M1 Finance is brilliant in two narrow lanes and average at almost everything else. The Pie system genuinely automates buy-and-hold investing, and the margin rate at 5.65% is roughly half what Fidelity, Schwab, or E*Trade will charge you. That is a real edge — one that compounds for portfolio-backed lenders into thousands of dollars a year.

The rest of the platform is where the marketing brochure stops matching the numbers. The $3-a-month platform fee on accounts under $10,000 is a 3.6% annual drag on a $1,000 starter account — worse than most actively managed mutual funds. The High-Yield Cash Account pays 3.10% APY while a 3-month Treasury yields 3.69% as of April 24, 2026 — a 59 basis-point gap that costs roughly $590 a year on $100,000 of idle cash. And the $100 outgoing transfer fee means M1 is the easiest broker to join and the most expensive to leave.

Founded in 2015, headquartered in Chicago, SEC-registered, FINRA member, SIPC-insured: over 1 million users and $12 billion in client assets. None of that is at issue. The question is who M1 actually serves well in 2026 — and the honest answer is a smaller, wealthier slice of investors than the homepage implies. If you have $10,000 or more, want disciplined automation, and use margin, this review will tell you to sign up. If you don't, it'll tell you to keep looking.

Fees

Let's break down every dollar M1 will take from you.

The big ones:

  • Stock and ETF commissions: $0. No trading commissions on any self-directed brokerage trades.
  • Platform fee: $3/month if your total M1 Invest and Earn balance is below $10,000. Waived if you hit $10,000 for even one day during the billing cycle, or if you have an active M1 Personal Loan. New accounts get a 90-day grace period.
  • Options trading: Not available. M1 does not support options at all.
  • Margin (M1 Borrow): 5.65% interest rate, available on taxable brokerage accounts with $2,000+ invested. This is genuinely cheap — Fidelity charges 10.575%, Schwab 9.50%, E*Trade 10.00%, and Vanguard 9.95% at their base rates.

The hidden ones:

  • Outgoing ACAT transfer: $100. Want to leave? That'll cost you.
  • IRA termination fee: $100.
  • Wire transfer: $25.
  • Inactivity fee: $20 on accounts under $50 with no activity for 90+ days.
  • Escheatment (abandoned account processing): $75.
  • Crypto spread: ~1% on all crypto buys and sells. No explicit commission, but you're paying through the spread.
  • ADR fees: 1¢ to 3¢ per share on American Depositary Receipts, passed through from the issuing bank.
  • Regulatory fees: FINRA TAF of $0.000166 per share sold (max $8.30/trade), plus SEC fee of $22.90 per $1 million traded. These are standard industry pass-throughs.

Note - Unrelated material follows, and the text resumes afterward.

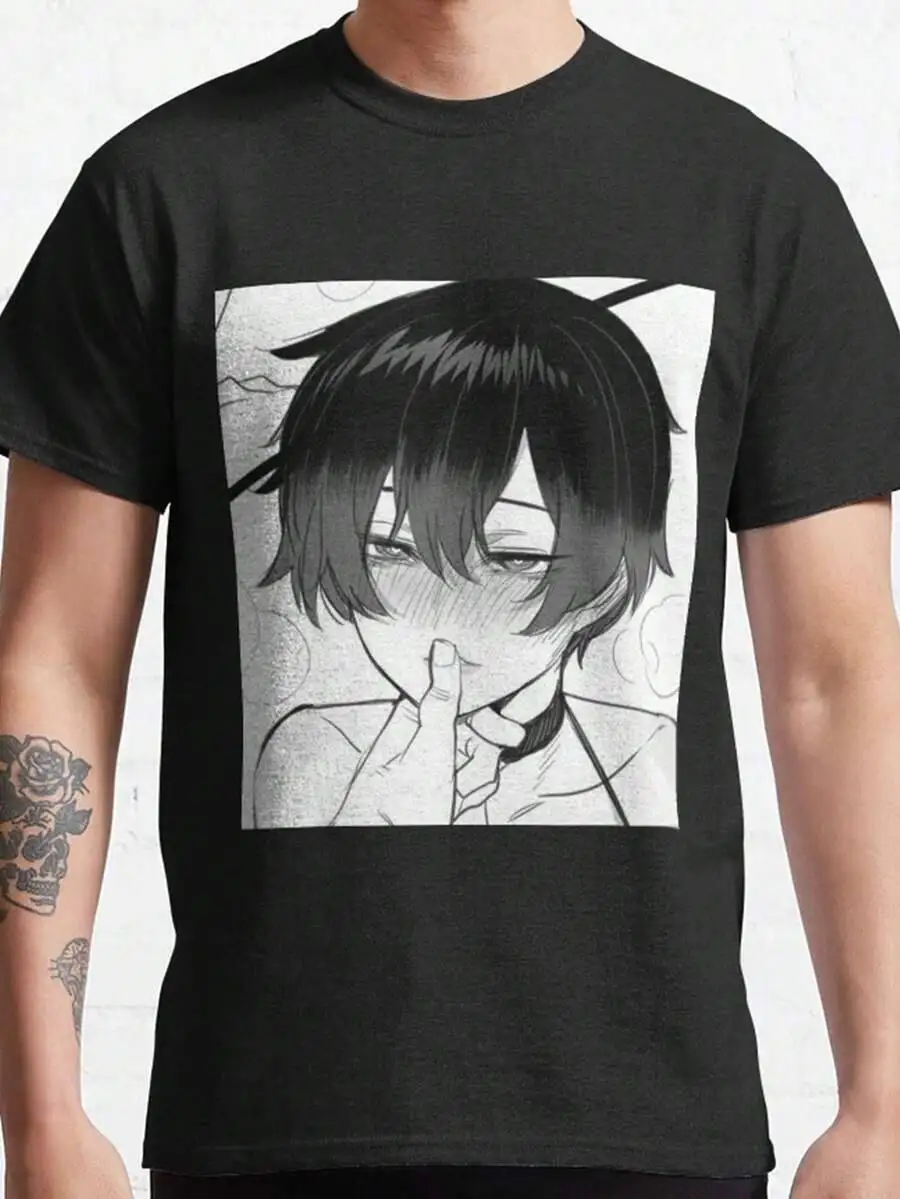 Femboy Anime Classic Graphic Tee, 180G Crew Neck Short Sleeve T-Shirt Men, Soft Athletic Fit Top For Travel 100% Cotton Trendy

The bottom line on fees: M1 is genuinely free for investors with $10,000+. Below that, the $3/month fee makes it expensive for small accounts. The $100 ACAT-out fee is steep and worth knowing about before you commit — Fidelity and Schwab charge $0 for outgoing transfers. For a broader view of where US brokers still bill you in 2026, see our brokerage fees in 2026 breakdown.

The Cash Drag Math at 3.69%

Here is the part of the M1 pitch that gets glossed over. M1's High-Yield Cash Account currently advertises 3.10% APY, with FDIC coverage up to $4.75 million through partner banks. That is fine — until you remember that on April 24, 2026 the 3-month US Treasury bill yielded 3.69% and the effective Fed funds rate sat at 3.64% (FRED, March 2026 monthly).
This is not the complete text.